不動産情報サイトでの新居を妄想するのと似ている
転職サイトは、「特に本気で転職先を探すためのものでなく、仕事がイヤになったときに見るところ」という人もいる。IT企業勤務の40代女性・カスミさんは、「10年近く“転職サイトサーフィン”しています」と言う。
「“仕事イヤイヤ期”になると、転職サイトを見たり、新たに登録したりしがちですね。いろんな仕事があるんだなと思うと、単純に気分転換になります。ただ、年収や福利厚生などがよいとしても、その分多く働くのもイヤ。面接を受けるのも面倒です」
カスミさんの周囲の同僚や大学同期は、転職して年収やスキルアップの希望を叶えた人もいるという。だが、カスミさんは「“タラレバ”を楽しむので十分」だと言う。

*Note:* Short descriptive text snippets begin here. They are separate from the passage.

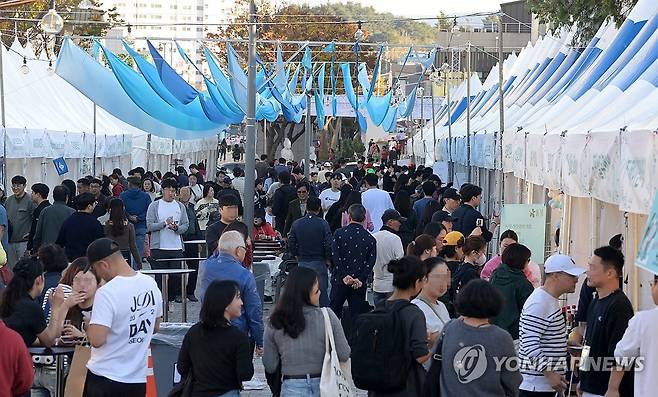 얇은 옷차림으로 강릉와인축제 찾은 관광객들 (강릉=연합뉴스) 유형재 기자 = 2일 오후 강원 강릉시 월화거리 일원에서 개막한 '2023 강릉와인축제'에 많은 시민과 관광객이 찾아 북적이고 있다. 축제는 4일까지 진행된다. 2023.11.2 yoo21@yna.co.kr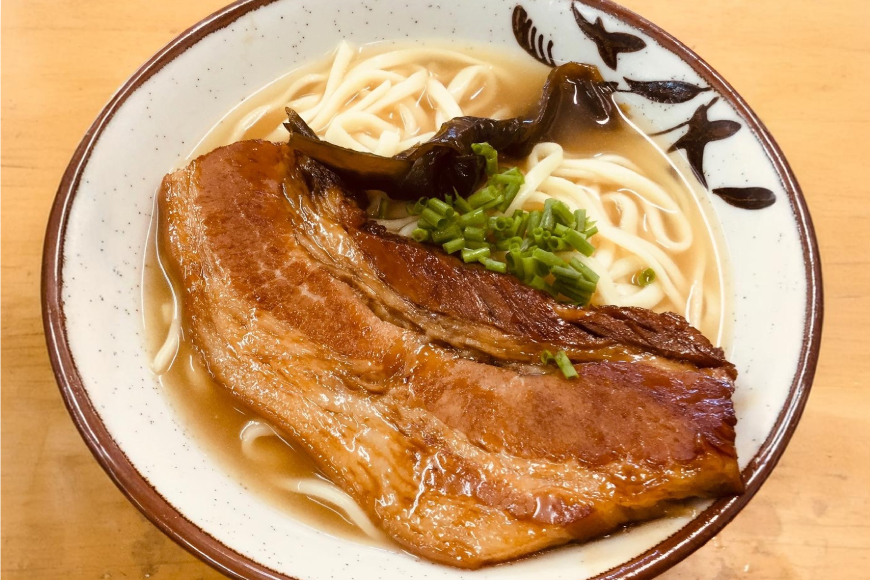 沖縄そば ソーキそば 食べ比べ 3食セット [味の店にしんすに 沖縄県 伊江村 ie47bde270001] ソーキ 沖縄 okisoba そば愛 元祖 専門店 そーき 美味しい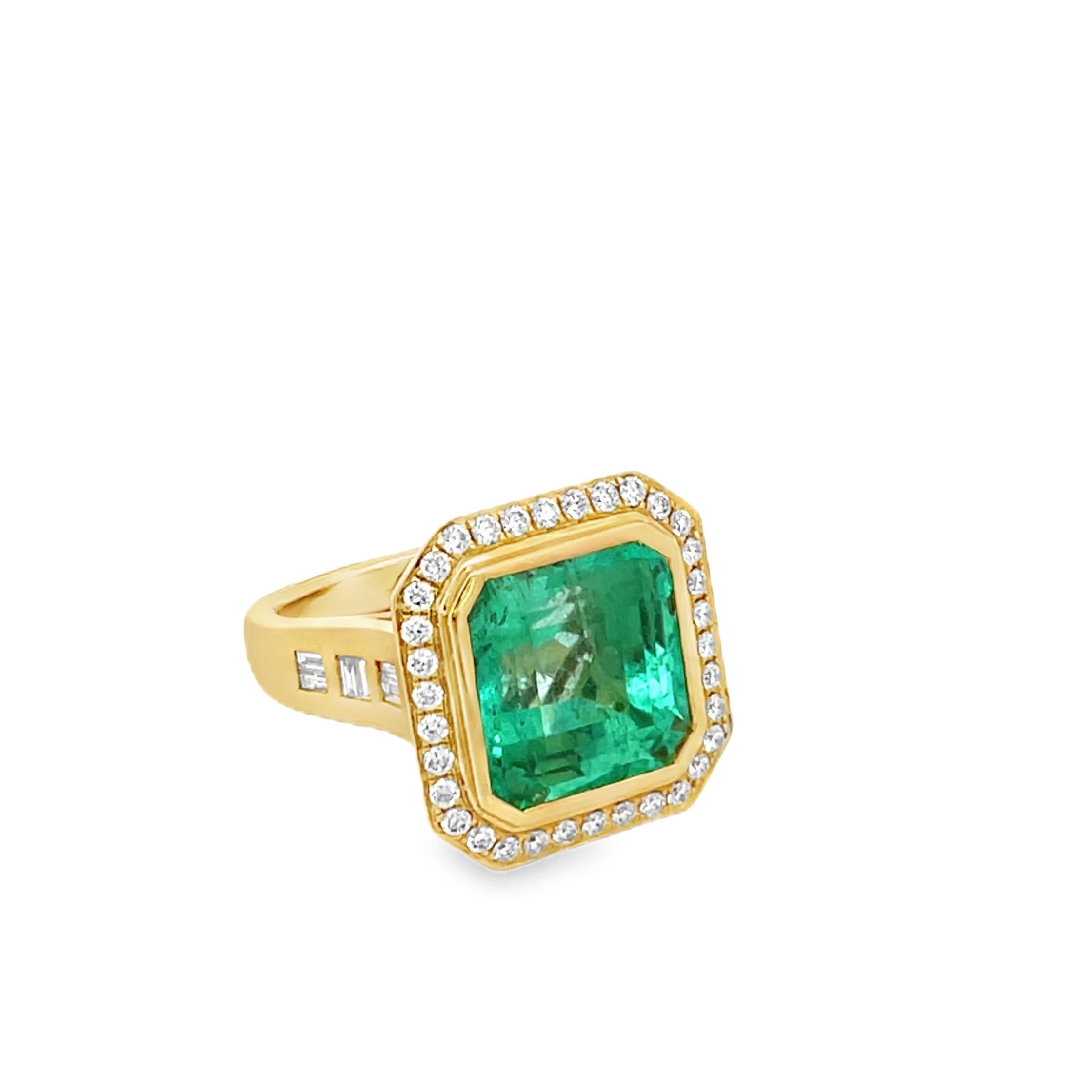 anillo esmeralda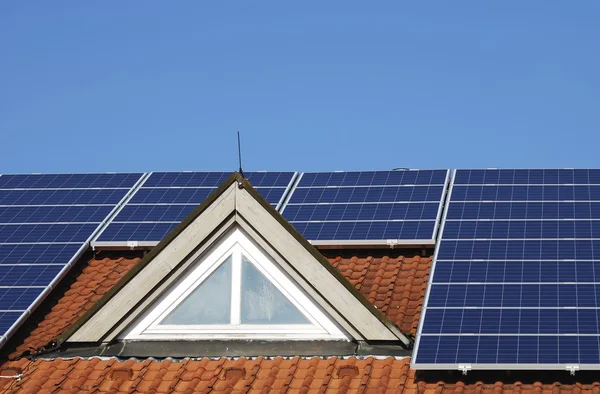 屋根の太陽光発電システム — ストック写真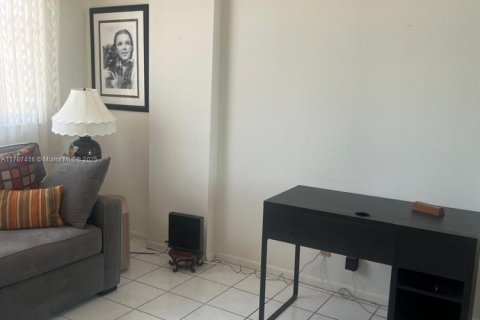 Condo in Hallandale Beach, Florida, 2 bedrooms  № 1869877 - photo 9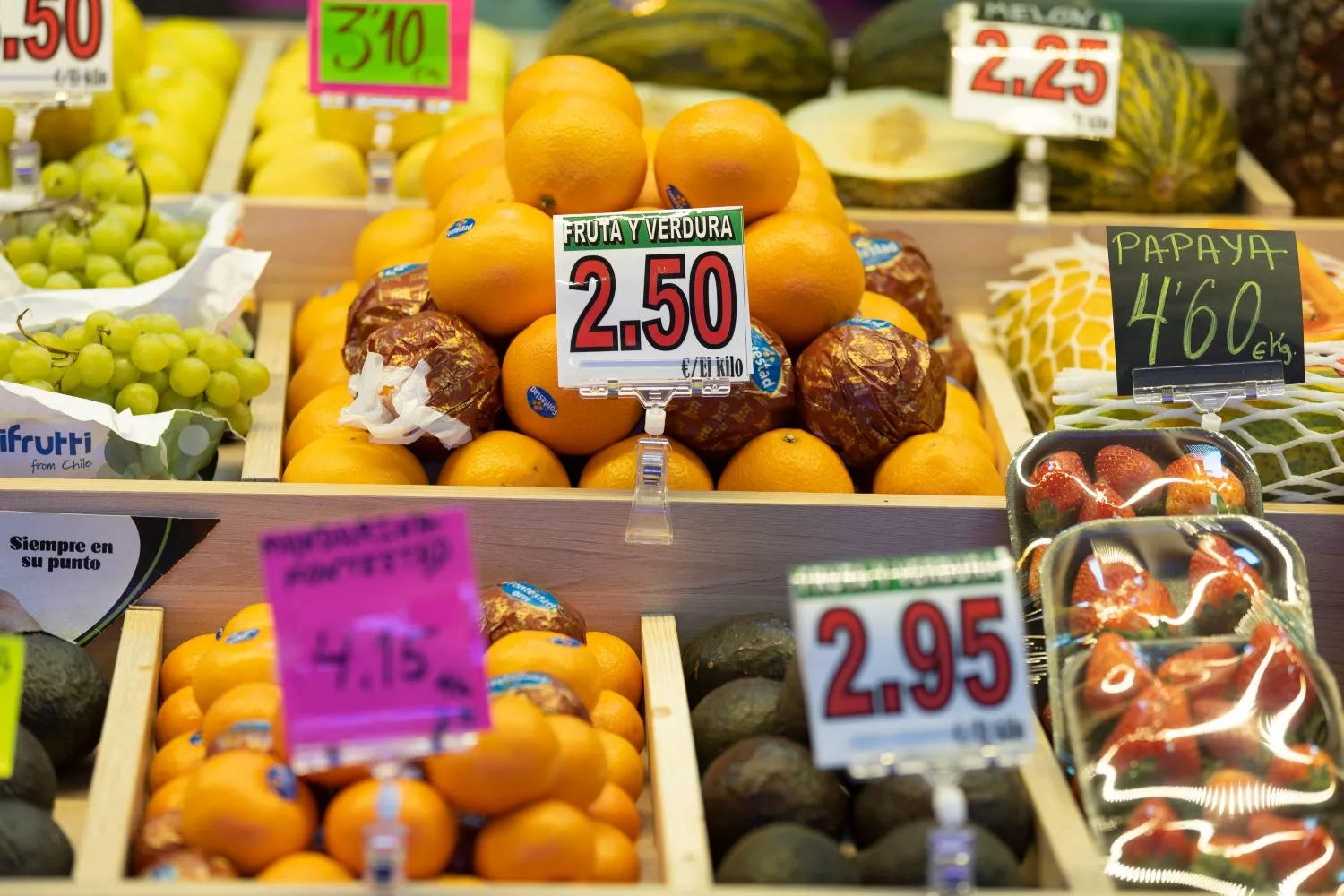 Un puesto de frutas frescas, uno de los alimentos que más se ha encarecido en 2025 EP Un puesto de frutas frescas, uno de los alimentos que más se ha encarecido en 2025 EP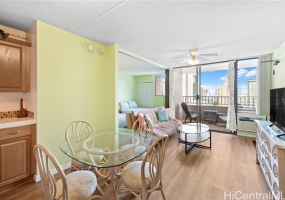 2240 Kuhio Avenue,Honolulu,Hawaii,96815,1 Bedroom Bedrooms,1 BathroomBathrooms,Condo/Townhouse,Kuhio,20,18018564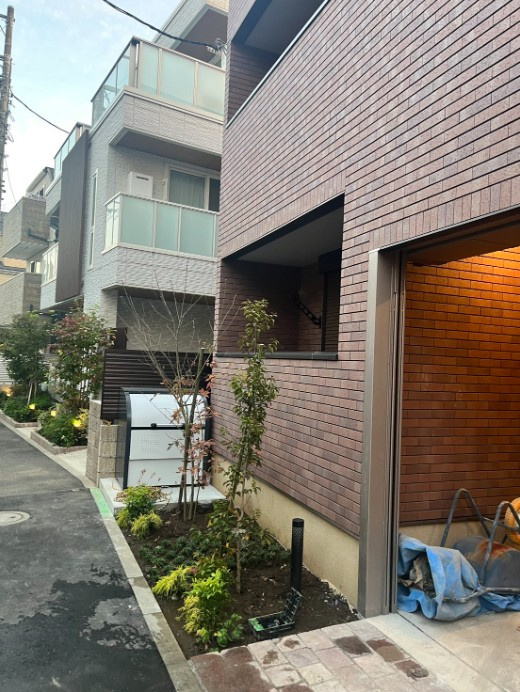 PINOT　NOIRのエントランス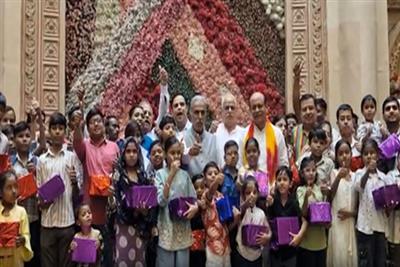 केंद्रीय राज्य मंत्री कृष्णपाल गुर्जर ने दिव्यांगजनों के बीच मनाया पीएम मोदी का जन्मदिन, बांटी 500 ई-स्कूटी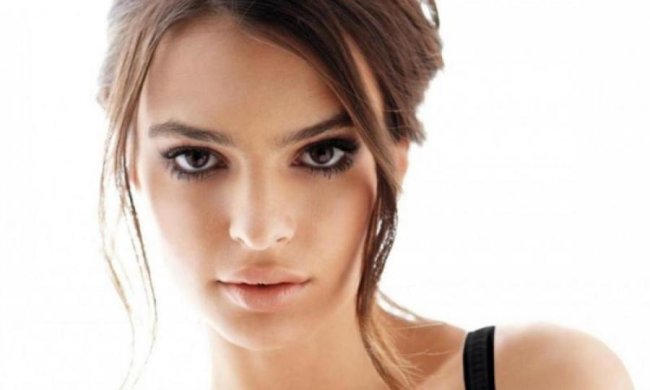 Известная модель попозировала обнаженной для модного глянца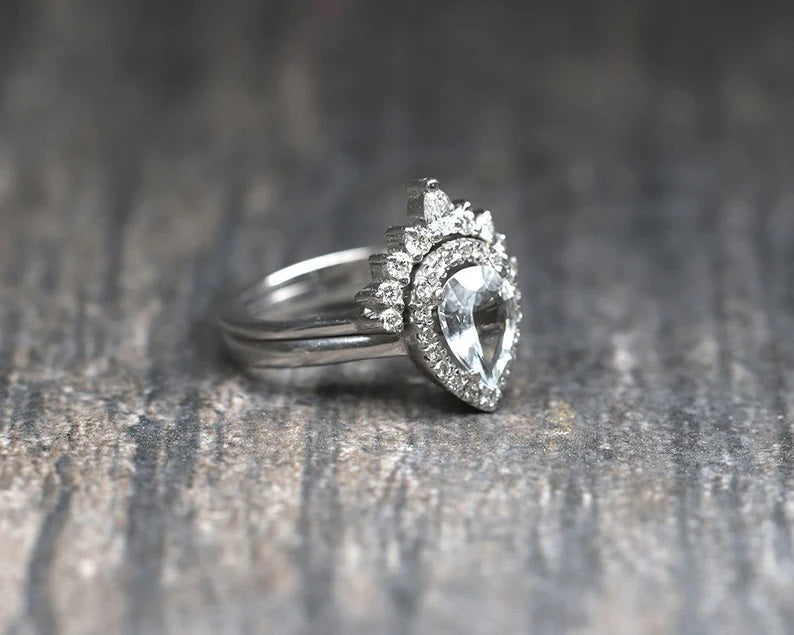 14K WHITE SAPPHIRE DIAMOND CROWN BAND 2 RING SET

「不動産情報サイトで引っ越し先の新居を妄想するのと似ています。転職サイトは、もし芸能事務所でマネージャーになったら、もし丸の内勤務だったら……と空想を広げて楽しむツールなんです(笑)」(カスミさん)
安易な転職を防ぐ「抑止力」に
安易な転職を防ぐ「抑止力」として活用している人もいる。建設会社勤務の30代男性・カズヤさんは、これまで6度の転職をしてきた。その都度職種も異なるため、それぞれの仕事の経験年数は浅い。そんなカズヤさんは、「これ以上、転職をしないために転職サイトは登録したままにしています」と語る。どういうことか。
「現在の会社で働き始めてから1年、またどこか違う会社に動きたくなりました。今度こそ、ここで骨を埋める覚悟で入ったのに……。でも転職サイトからは、希望職種とはまったく関係ないスカウトばかりが来ます。年齢も年齢ということもありますし、それ以上に自分のキャリアが微妙なんだということを痛感します。キャリアを高めて転職という気持ちよりも、現職を大事にしようという気持ちというか」
転職サイトに登録したからといって、転職活動をするわけではない。一見、登録したままにしているように見えても、当事者にとってはさまざまなメリットがあるようだ。